→ LISTED ENTRIES

──────

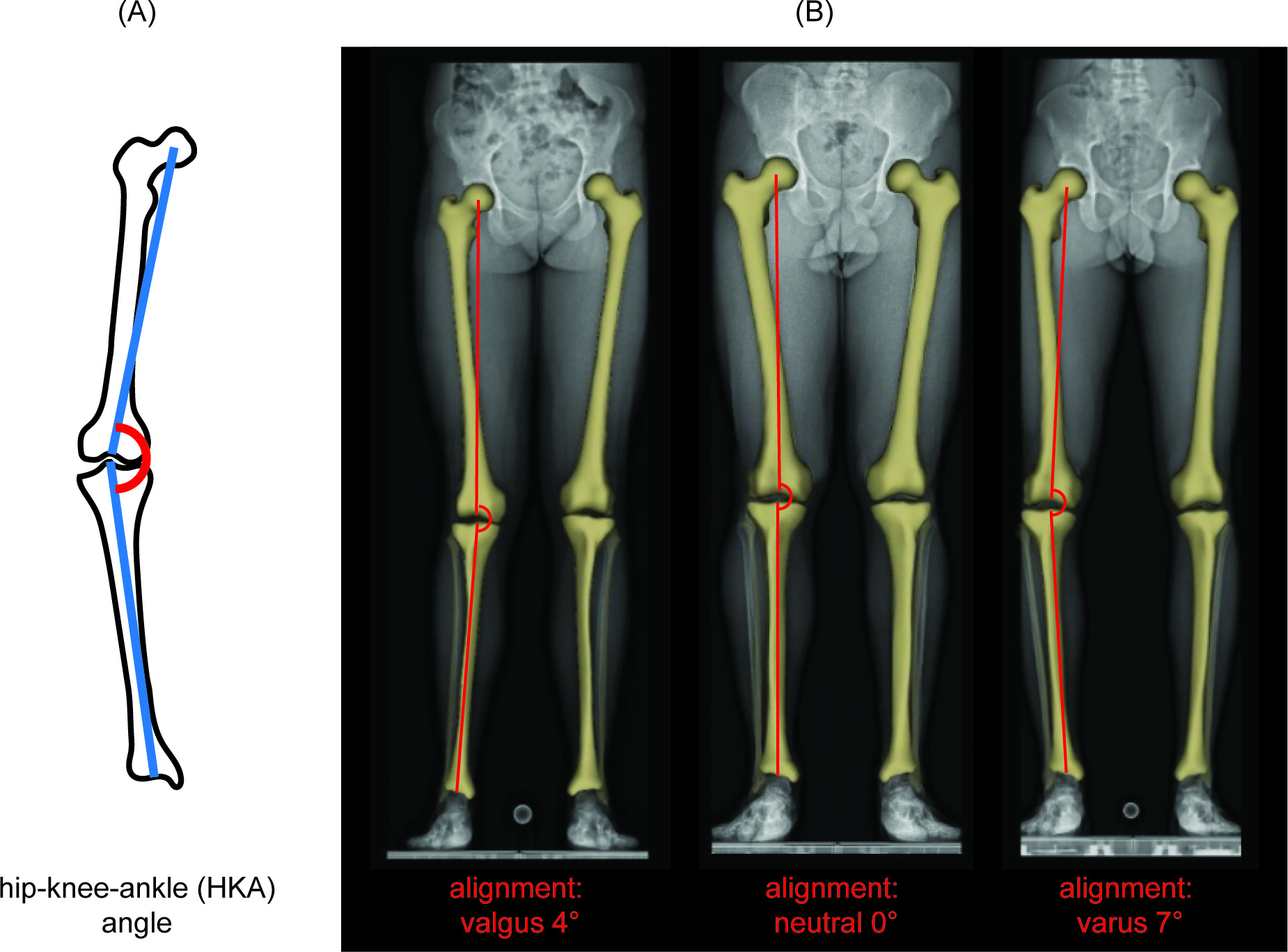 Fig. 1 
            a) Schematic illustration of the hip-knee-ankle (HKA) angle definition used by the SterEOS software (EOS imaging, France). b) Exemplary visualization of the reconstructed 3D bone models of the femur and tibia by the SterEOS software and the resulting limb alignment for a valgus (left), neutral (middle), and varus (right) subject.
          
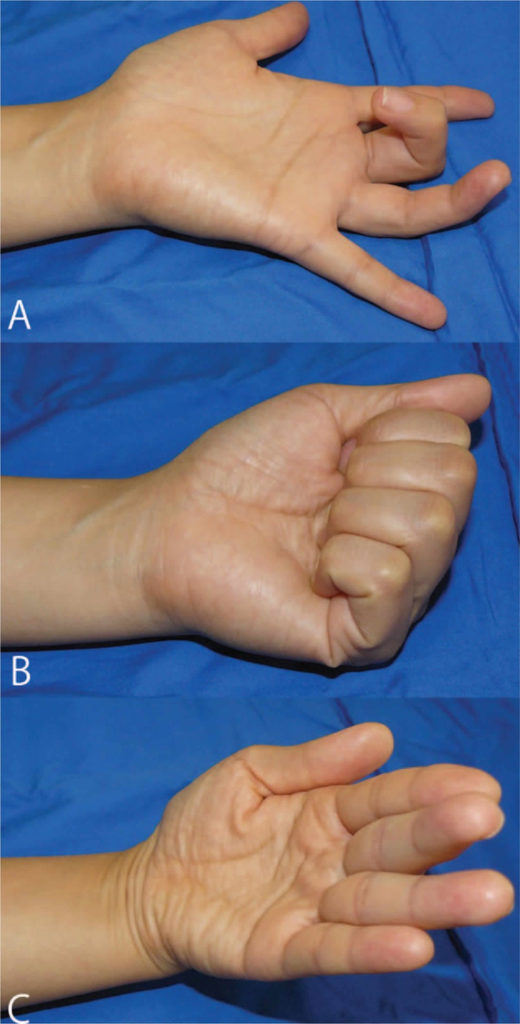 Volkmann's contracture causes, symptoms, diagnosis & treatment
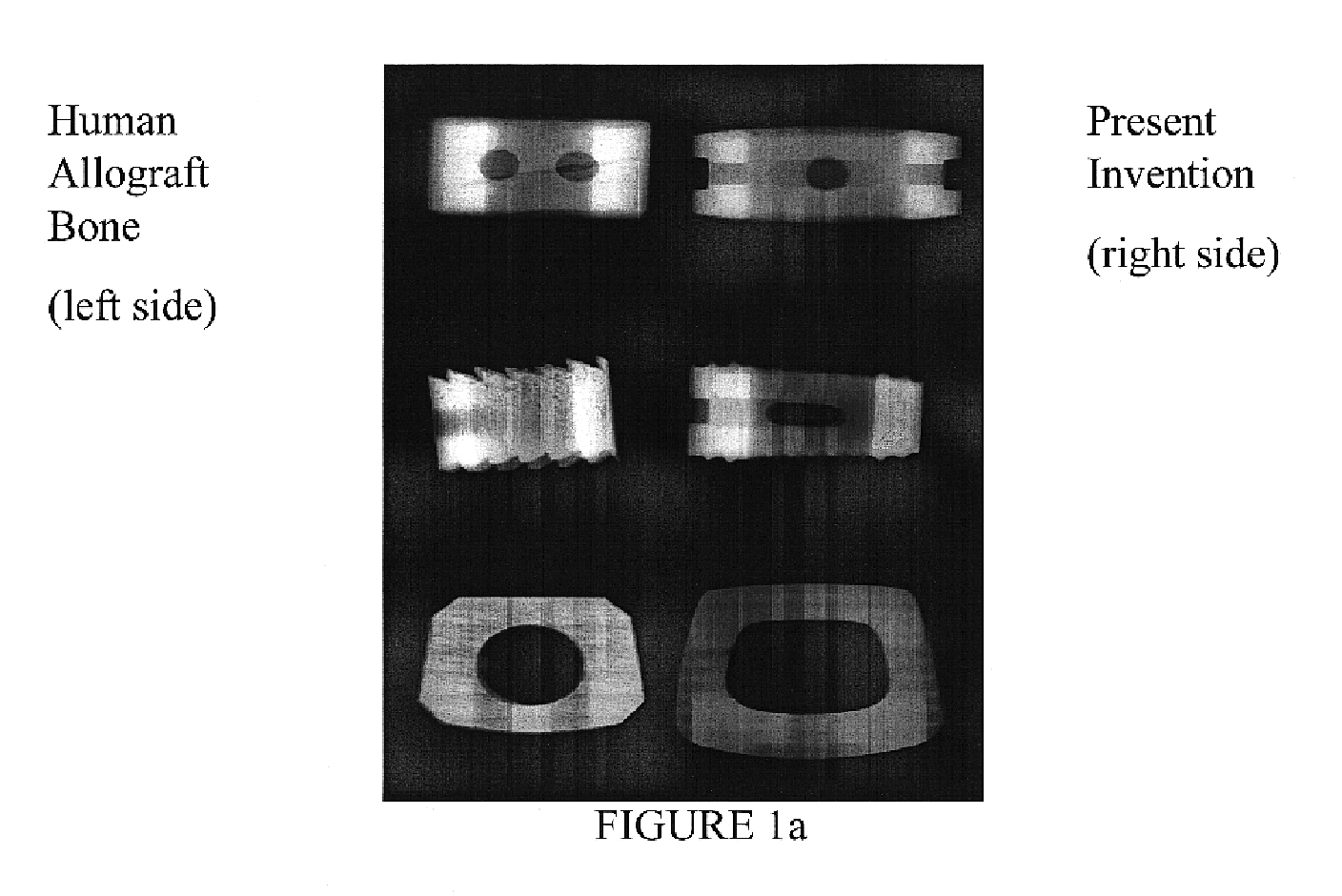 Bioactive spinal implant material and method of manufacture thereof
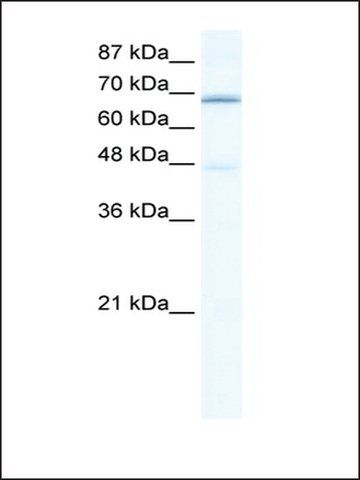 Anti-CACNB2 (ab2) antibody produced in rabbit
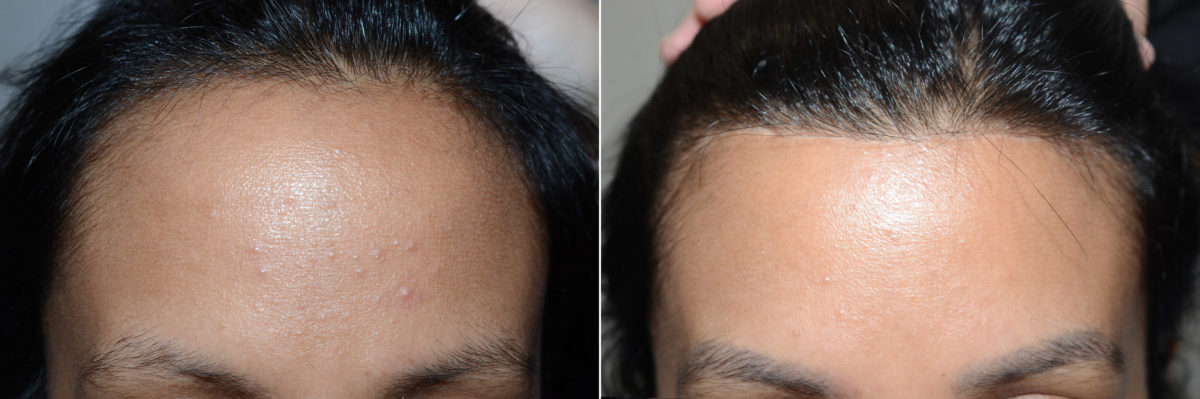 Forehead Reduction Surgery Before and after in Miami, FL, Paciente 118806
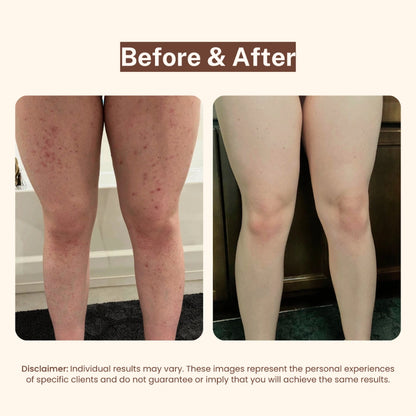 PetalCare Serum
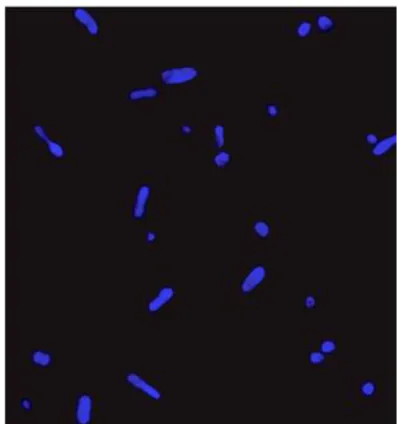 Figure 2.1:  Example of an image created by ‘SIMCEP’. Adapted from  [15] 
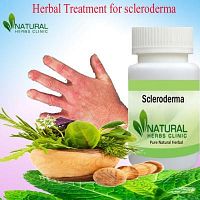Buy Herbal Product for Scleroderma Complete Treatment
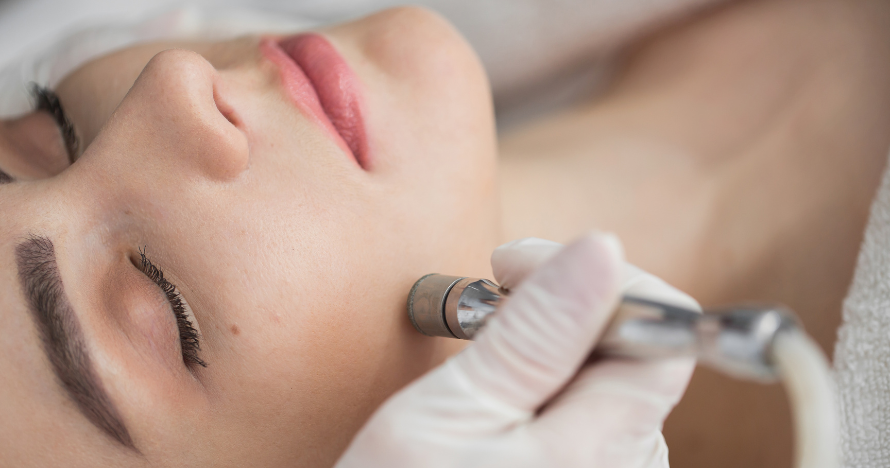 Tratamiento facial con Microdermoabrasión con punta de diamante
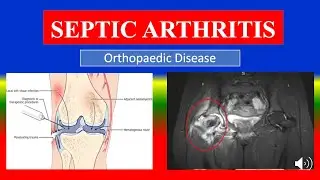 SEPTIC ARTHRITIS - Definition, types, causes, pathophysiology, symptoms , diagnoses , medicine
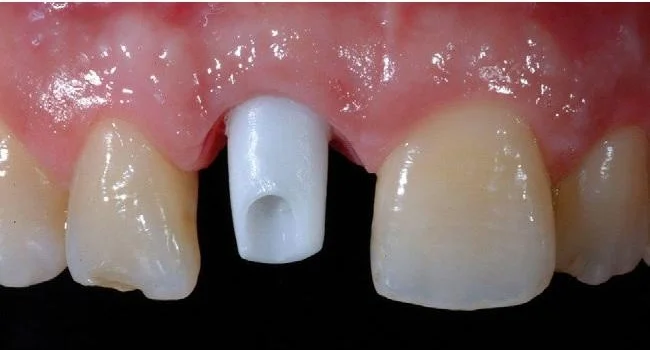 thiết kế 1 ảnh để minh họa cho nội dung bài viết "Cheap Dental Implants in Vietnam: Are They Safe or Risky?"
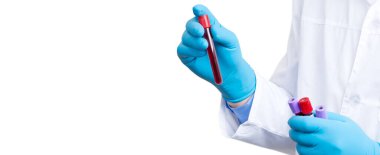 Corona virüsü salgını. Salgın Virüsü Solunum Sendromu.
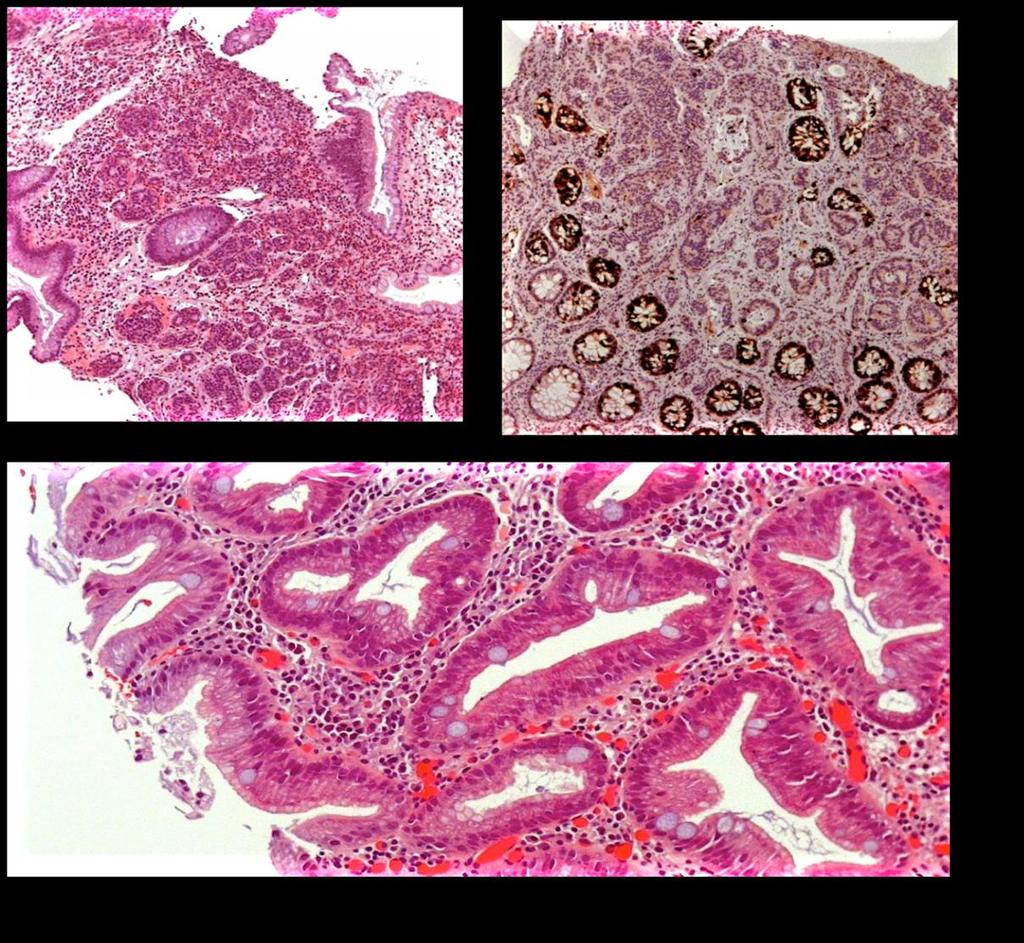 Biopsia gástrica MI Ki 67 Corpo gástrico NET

──────

→ EXERCISE DETAILS
The pictures are not wanted, but every line of the listing should be duplicated exactly.

→ SOLUTION TO THIS TASK
 Fig. 1 
            a) Schematic illustration of the hip-knee-ankle (HKA) angle definition used by the SterEOS software (EOS imaging, France). b) Exemplary visualization of the reconstructed 3D bone models of the femur and tibia by the SterEOS software and the resulting limb alignment for a valgus (left), neutral (middle), and varus (right) subject.
          
 Volkmann's contracture causes, symptoms, diagnosis & treatment
 Bioactive spinal implant material and method of manufacture thereof
 Anti-CACNB2 (ab2) antibody produced in rabbit
 Forehead Reduction Surgery Before and after in Miami, FL, Paciente 118806
 PetalCare Serum
 Figure 2.1:  Example of an image created by ‘SIMCEP’. Adapted from  [15] 
Buy Herbal Product for Scleroderma Complete Treatment
 Tratamiento facial con Microdermoabrasión con punta de diamante
 SEPTIC ARTHRITIS - Definition, types, causes, pathophysiology, symptoms , diagnoses , medicine
 thiết kế 1 ảnh để minh họa cho nội dung bài viết "Cheap Dental Implants in Vietnam: Are They Safe or Risky?"
 Corona virüsü salgını. Salgın Virüsü Solunum Sendromu.
 Biopsia gástrica MI Ki 67 Corpo gástrico NET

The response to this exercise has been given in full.